There are many salary tables out there telling you what you should make at each step in your actuarial career. What they don’t clarify are all the different factors that can influence your actuarial salary.
Location
The first question on the Payscale.com salary tool on the Society of Actuaries website is location. You must fill in where you work to get an accurate picture of the impact on your actuarial salary. It’s not a surprise to learn larger cities, like San Francisco and New York, pay more while cities in the Midwest and South, where cost of living is lower, pay less.
Experience
The second and last criteria that must be filled in on Payscale’s actuarial salary calculator is years in the field. Unsurprisingly, more years of experience mean more pay. There are some exceptions to this. If you have stayed in the same company for a long time period, your pay may lag other actuaries with the same amount of experience due to missing the bump that often comes through job change. The data science juggernaut is also impacting your actuarial salary. New actuaries with highly desirable data science skills can make more than greater experienced actuaries with more traditional skills.
Accreditation
While obtaining third party credentials or accreditations in any career is a plus, actuaries must pursue an ASA or ACAS and then an FSA or FCAS to reach the top levels of actuarial salary. Sometimes the more quickly the thresholds are achieved will also positively impact your salary. Actuaries who chose to stop at the lower level accreditation will on average top out in salary at a much lower level than the FSA or FCAS regardless of years of experience.
Product Expertise
It is clear from every salary scale published that P&C, Life and Health specializations pay more than Pension. But even within your particular industry expertise, specific product knowledge and experience can mean significant differences in compensation. Actuaries are already in high demand, niche skills that precisely match a position opening mean even more money.

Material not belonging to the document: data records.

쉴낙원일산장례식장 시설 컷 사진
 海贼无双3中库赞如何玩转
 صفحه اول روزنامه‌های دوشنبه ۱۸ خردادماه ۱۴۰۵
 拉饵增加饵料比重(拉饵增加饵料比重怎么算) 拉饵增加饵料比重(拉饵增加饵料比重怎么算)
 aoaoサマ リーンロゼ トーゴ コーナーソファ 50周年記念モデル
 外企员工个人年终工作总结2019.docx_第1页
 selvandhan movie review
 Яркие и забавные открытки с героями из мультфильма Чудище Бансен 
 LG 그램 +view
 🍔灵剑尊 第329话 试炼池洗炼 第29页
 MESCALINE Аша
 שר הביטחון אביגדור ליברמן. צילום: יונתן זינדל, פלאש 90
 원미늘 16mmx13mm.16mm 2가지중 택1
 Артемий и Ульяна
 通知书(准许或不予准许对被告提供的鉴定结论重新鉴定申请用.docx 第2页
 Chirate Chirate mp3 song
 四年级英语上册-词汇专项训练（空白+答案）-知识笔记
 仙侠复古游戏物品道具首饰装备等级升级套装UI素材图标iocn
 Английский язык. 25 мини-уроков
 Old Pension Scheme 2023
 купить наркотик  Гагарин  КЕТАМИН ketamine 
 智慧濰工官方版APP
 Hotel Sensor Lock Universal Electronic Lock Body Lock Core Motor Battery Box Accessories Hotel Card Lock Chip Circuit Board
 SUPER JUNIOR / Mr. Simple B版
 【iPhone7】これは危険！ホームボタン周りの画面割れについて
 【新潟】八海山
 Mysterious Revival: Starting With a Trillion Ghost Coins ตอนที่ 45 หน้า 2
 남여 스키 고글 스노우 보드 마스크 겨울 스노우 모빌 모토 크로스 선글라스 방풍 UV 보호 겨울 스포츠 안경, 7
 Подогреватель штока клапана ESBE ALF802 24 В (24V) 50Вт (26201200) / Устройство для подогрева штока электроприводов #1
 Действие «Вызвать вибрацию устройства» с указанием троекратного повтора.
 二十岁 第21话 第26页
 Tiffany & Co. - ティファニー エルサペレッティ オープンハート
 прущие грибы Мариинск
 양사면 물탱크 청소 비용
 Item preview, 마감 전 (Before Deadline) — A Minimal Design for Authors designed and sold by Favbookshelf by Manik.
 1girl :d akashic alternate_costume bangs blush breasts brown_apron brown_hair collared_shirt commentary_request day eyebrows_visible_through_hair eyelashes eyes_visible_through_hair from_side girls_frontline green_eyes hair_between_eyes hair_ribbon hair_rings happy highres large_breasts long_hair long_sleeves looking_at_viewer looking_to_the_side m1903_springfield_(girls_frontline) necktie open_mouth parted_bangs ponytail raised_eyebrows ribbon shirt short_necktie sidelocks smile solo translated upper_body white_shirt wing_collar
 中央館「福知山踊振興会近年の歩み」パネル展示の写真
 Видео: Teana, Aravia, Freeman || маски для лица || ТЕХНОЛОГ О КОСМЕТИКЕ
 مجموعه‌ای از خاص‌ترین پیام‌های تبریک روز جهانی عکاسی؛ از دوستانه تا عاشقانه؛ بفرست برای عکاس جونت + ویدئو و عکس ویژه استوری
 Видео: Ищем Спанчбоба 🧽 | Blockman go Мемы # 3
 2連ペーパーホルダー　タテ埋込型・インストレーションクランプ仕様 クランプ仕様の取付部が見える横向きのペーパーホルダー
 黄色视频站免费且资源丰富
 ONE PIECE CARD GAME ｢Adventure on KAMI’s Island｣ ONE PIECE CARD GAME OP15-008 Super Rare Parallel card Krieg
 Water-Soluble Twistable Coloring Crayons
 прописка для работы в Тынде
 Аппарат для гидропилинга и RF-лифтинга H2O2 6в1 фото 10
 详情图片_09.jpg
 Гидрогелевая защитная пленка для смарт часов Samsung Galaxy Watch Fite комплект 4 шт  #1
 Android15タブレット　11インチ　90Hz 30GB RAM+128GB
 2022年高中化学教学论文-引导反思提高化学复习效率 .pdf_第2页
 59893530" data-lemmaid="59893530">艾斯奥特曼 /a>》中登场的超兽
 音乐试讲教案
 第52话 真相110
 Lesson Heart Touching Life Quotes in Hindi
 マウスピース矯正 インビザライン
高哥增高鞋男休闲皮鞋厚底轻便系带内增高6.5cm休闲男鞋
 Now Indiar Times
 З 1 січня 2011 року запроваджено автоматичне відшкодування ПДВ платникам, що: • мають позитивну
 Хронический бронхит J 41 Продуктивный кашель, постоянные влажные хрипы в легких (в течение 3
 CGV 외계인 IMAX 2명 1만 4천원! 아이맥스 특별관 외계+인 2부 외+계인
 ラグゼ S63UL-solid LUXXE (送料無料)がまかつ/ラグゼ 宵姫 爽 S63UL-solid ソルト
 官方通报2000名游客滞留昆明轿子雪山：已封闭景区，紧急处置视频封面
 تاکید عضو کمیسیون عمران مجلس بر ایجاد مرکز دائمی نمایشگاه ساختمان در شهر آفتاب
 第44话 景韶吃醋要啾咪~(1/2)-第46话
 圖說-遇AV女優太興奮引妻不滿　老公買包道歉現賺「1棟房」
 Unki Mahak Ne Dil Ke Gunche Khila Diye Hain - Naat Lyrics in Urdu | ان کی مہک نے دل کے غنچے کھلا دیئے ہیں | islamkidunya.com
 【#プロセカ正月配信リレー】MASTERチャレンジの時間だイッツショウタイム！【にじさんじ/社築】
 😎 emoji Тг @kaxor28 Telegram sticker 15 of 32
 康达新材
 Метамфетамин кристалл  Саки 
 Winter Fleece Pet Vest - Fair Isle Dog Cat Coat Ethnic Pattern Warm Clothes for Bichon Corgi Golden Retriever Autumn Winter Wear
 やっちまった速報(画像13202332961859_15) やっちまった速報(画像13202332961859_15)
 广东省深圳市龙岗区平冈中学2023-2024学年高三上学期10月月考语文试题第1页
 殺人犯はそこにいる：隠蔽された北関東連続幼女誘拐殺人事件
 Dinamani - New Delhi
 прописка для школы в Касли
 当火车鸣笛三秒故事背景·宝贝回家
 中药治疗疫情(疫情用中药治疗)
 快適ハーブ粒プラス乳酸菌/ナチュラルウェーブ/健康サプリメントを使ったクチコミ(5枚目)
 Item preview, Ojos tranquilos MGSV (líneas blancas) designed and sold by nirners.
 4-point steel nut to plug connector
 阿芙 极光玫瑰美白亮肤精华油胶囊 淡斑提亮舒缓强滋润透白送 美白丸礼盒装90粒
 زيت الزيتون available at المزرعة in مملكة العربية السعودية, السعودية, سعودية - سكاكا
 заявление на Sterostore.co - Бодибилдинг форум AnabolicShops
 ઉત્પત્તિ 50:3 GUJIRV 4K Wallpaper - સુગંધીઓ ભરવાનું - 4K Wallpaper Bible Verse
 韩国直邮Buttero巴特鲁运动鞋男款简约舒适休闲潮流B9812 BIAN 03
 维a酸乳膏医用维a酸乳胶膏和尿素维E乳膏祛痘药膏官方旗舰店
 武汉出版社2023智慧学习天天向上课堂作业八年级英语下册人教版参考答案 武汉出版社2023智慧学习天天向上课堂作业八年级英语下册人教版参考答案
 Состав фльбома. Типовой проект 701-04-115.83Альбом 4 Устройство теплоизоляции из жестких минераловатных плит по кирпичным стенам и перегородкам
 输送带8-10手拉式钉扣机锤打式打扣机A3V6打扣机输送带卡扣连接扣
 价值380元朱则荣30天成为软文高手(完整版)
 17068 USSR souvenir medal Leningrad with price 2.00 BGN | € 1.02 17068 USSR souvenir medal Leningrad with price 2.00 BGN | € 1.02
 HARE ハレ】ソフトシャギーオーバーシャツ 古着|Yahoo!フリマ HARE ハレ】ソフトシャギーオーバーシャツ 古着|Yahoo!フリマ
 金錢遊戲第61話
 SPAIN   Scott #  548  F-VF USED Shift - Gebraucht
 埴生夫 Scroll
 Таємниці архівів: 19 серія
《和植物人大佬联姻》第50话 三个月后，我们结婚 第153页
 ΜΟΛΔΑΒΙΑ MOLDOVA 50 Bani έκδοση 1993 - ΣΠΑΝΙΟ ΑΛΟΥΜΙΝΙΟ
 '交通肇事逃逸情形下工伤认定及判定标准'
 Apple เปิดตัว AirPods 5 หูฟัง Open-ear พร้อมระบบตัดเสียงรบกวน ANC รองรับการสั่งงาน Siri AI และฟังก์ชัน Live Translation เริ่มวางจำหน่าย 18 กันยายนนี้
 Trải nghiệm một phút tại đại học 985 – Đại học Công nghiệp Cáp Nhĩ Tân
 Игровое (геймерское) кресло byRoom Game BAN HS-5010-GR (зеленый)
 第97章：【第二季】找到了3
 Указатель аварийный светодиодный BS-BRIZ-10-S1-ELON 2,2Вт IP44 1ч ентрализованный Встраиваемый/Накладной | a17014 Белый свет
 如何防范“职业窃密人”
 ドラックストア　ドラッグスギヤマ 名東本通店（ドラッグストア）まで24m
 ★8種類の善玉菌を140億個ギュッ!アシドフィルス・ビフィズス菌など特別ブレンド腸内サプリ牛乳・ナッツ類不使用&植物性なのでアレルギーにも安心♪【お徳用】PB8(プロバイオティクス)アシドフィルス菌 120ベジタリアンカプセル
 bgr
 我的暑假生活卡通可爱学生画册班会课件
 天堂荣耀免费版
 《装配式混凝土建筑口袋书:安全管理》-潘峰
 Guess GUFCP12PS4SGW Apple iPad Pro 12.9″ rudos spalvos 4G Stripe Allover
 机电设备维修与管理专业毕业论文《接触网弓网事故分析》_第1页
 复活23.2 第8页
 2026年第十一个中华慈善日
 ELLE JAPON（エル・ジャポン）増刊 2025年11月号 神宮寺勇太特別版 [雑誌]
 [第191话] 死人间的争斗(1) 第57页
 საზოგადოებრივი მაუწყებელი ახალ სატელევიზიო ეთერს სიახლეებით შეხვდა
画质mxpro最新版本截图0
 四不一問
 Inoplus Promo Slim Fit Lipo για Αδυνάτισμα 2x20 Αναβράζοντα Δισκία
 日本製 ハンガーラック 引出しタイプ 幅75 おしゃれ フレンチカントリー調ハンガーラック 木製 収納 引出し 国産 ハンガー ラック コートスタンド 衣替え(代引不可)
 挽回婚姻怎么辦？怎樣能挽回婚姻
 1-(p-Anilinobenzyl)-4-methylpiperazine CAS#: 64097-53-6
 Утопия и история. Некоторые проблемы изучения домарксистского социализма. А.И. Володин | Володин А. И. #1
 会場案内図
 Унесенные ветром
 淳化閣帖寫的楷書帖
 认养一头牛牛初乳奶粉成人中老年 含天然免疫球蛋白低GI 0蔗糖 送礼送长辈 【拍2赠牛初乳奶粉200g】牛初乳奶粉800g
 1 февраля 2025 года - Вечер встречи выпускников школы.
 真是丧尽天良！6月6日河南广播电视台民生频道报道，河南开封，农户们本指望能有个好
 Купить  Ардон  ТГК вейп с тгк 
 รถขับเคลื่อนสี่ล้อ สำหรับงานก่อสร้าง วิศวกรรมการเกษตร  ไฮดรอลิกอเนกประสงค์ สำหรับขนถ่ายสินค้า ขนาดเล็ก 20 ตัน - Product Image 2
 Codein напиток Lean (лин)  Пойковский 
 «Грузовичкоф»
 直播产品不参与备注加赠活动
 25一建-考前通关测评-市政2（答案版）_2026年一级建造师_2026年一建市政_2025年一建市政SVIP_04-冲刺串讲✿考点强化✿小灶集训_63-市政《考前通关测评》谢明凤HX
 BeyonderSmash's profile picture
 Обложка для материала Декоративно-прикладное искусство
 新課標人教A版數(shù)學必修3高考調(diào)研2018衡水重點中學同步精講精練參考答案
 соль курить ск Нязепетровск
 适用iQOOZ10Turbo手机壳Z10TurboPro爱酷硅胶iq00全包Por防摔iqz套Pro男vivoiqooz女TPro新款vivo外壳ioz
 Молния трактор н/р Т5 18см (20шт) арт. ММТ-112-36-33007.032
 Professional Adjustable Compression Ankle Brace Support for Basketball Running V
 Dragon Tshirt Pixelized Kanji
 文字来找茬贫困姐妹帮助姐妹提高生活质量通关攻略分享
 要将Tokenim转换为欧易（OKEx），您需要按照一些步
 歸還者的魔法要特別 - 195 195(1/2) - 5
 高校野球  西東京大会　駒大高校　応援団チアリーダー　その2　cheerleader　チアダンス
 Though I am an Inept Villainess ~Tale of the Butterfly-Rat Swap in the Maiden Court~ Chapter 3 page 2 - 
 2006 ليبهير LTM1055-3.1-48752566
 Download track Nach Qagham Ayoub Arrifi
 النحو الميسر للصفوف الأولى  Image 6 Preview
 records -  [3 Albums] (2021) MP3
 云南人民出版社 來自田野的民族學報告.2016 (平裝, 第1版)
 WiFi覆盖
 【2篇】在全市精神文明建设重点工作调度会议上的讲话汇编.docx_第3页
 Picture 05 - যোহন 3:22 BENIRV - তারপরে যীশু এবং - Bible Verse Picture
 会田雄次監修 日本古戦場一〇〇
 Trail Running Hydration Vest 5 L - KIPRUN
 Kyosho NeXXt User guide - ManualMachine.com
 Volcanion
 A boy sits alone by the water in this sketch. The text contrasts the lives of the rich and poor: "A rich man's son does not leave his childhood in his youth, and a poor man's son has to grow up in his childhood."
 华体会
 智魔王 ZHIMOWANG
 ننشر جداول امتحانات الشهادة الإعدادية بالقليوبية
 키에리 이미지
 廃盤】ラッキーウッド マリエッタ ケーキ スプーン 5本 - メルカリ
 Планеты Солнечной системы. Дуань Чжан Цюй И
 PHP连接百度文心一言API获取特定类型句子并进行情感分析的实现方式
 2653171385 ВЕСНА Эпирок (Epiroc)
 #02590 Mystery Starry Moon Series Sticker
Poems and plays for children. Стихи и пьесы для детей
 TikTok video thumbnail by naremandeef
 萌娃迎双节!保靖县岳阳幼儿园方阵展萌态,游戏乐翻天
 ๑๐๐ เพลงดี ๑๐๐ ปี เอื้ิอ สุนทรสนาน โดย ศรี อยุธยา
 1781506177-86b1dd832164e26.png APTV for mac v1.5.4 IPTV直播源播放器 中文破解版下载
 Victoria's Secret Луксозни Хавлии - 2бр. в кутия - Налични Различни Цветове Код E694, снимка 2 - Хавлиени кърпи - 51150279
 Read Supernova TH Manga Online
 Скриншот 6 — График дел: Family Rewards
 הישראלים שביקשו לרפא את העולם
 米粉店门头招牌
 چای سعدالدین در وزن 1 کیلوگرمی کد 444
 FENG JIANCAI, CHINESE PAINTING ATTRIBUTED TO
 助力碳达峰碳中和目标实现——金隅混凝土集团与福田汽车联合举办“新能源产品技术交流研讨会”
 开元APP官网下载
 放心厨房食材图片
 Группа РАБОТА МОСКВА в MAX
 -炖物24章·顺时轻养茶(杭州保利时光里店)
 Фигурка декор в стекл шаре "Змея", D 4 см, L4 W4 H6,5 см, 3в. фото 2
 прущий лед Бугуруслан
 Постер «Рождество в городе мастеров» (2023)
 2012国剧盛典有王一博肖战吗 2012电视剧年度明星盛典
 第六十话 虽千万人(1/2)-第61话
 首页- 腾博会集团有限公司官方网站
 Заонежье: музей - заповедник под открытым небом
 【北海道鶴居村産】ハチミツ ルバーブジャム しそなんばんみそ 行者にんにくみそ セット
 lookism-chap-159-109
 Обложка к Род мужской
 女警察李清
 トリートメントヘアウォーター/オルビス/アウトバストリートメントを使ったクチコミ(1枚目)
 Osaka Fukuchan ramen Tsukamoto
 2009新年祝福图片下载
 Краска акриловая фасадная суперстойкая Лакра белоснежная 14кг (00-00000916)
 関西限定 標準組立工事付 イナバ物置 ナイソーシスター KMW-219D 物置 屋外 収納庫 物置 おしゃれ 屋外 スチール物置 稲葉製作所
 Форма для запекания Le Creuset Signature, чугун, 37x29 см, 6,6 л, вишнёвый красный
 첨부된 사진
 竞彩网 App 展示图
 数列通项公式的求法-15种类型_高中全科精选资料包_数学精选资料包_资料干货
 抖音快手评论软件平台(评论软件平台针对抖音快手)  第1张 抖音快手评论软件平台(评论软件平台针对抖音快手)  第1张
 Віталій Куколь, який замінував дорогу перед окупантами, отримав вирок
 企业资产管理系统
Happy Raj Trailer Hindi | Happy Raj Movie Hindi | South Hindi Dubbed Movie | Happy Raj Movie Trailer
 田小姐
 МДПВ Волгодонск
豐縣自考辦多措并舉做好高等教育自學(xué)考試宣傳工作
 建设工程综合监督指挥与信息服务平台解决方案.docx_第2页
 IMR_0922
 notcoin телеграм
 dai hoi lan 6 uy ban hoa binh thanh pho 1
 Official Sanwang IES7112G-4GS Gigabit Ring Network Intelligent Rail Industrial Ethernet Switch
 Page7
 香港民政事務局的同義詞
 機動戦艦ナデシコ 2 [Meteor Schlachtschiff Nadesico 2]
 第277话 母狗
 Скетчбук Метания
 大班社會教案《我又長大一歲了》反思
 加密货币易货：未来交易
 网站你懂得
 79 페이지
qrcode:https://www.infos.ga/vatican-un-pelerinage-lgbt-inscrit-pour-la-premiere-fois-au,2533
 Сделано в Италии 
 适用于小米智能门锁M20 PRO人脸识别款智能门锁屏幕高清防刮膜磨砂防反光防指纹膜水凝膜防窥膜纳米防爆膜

Management Responsibilities
Are you a high level individual contributor or are you managing a team? Do you participate in the strategic decision making within your organization? Is it clear you are slated for advancement, one of the golden men/women of the organization? While management can garner you a better actuarial salary, don’t lose your product expertise. Actuarial science is valued most highly for the individual’s technical skills and while the soft skills are important for advancement, if those are the only skills you retain, you will find your promotability leveling off.
Organization Size
Multiple internal opportunities exist within organizations of 10,000+ employees. You not only receive annual increases but annual promotions are a possibility, too. Smaller organizations won’t have as many internal opportunities but could offer more variety in your day-to-day work allowing you to build a broader skill set. You won’t earn more initially but better skills can mean more money down the road.
Underrepresented
Minorities and woman are underrepresented within the actuarial field. Some organizations, typically larger ones, make an effort to rebalance their staffing with diversity planning in mind. That could lead to better starting salaries for those candidates.